Many people get confused about nut allergies: Which nuts are safe to eat, and which aren’t? Are pistachios considered nuts at all? And which cross-allergies may occur? For World Pistachio Day, we have examined the allergenic potential of the spicy green nut.
On 26th February, we celebrate World Pistachio Day. We love pistachios (also known as the “green almond” or the “smiling nut”) as a snack, in ice cream, in confectionery and chocolate. Moreover, pistachios are said to be healthy: They contain high levels of proteins, fibers, minerals, vitamins and antioxidants. However, some people demonstrate allergic reactions to pistachios. The nut allergy is one of the most common food allergies. About 1 % of the population is affected. Yet, nut allergy always raises a lot of questions. We have put together the most important questions and answers.
Not everything we call a nut actually is a nut. Indeed, from a botanical point of view, there are relatively few „true“ nuts, including hazelnuts, walnuts and chestnuts. Peanuts are botanically pulses. Almonds, pecans, pistachios, cashews and coconuts belong to the family of stone fruits. The macadamia nut is a so-called follicle; the shea nut is a berry. Brazil nuts, nutmeg and pine nuts are botanically seen as seeds. There is no easy answer to the question which nut (or “non-nut”) is problematic for allergic people and which one is not. Nut allergy sufferers should get tested in order to find out which types of nuts they can consume safely.
Cross-reactions are widespread among nut allergy sufferers. For example, a hazelnut allergy is often accompanied by a pollen allergy. Other nut allergic persons have allergic reactions to stone fruits, kiwi, strawberry, sesame, poppy seed or rye. People who are allergic to pistachios often show cross-reactions with sunflower seeds.
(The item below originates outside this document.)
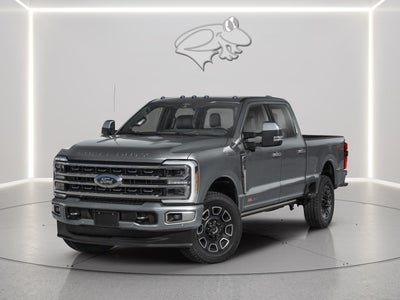 2026 Ford Super Duty F-250 Platinum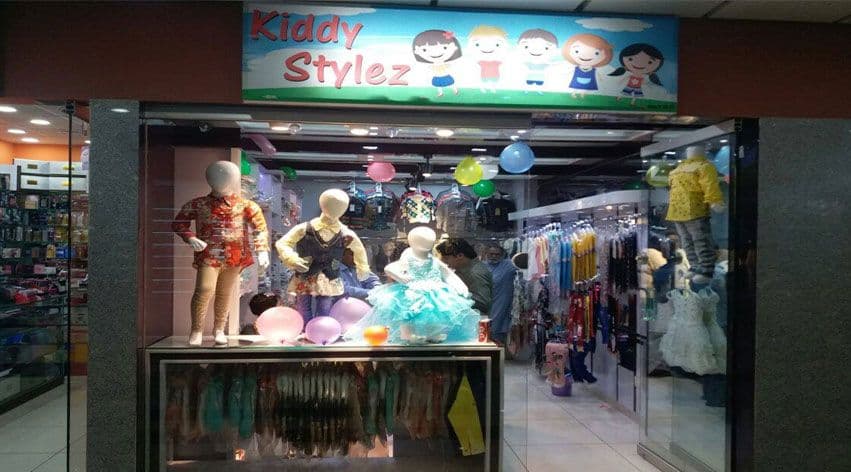 Kiddy Stylez cover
Nut mixtures, trail mixes and other nut snacks of course are strictly taboo for nut allergy sufferers. However, nuts may be present in many foods as a „hidden allergen“, due to contamination during production or storage. It is important to be careful with sweets such as chocolate or ice cream. In addition, nuts might be present in bakery products, sausages, cereals, cheese, meat dishes, sauces, instant drinks and ready-made meals. Anyone who has allergic reactions to nuts at skin contact should be careful with shampoos and lotions, because they might contain almond milk or the like.
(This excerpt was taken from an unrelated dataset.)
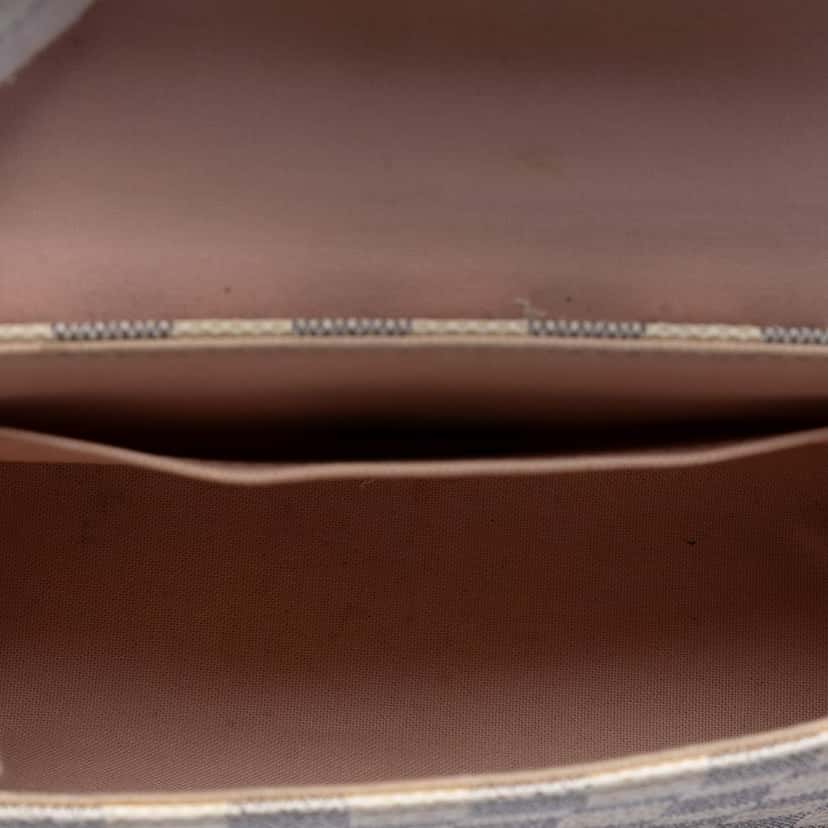 Louis Vuitton Damier Azur Croisette White Very good condition - Model View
A healthy and versatile alternative to nuts is pumpkin seed. Moreover, soya flakes, chickpeas, tiger nuts, sesame, poppy seed, sunflower seed, linseed, flea seed or chia seeds are a good substitute for nuts. In many recipes, nuts can be substituted by dried fruits. In addition, many nut allergy sufferers tolerate coconut very well.
As one of the „Big 8“ food allergens, nuts must be labelled on the list of ingredients in almost all countries. According to EU regulation 2007/68/EG, peanuts, hazelnuts, walnuts, Brazil nuts, cashews, macadamia nuts, pecans, pistachios and almonds are subject to labelling.
Although almonds, cashews or pistachios are not nuts in the botanical sense, they still contain allergens which can be dangerous for allergic people. For this reason, food producers should test their products for a number of nuts. From the allergy point of view, peanuts, hazelnuts, walnuts, Brazil nuts, cashews, macadamia nuts, pecans, pistachios and almonds are relevant.
Nuts can be detected by various methods. The ELISA test is a quantitative, immunological test procedure. PCR tests detect allergens qualitatively by analyzing DNA sequences. A lateral flow test can be used for checking surfaces and utensils for contaminations.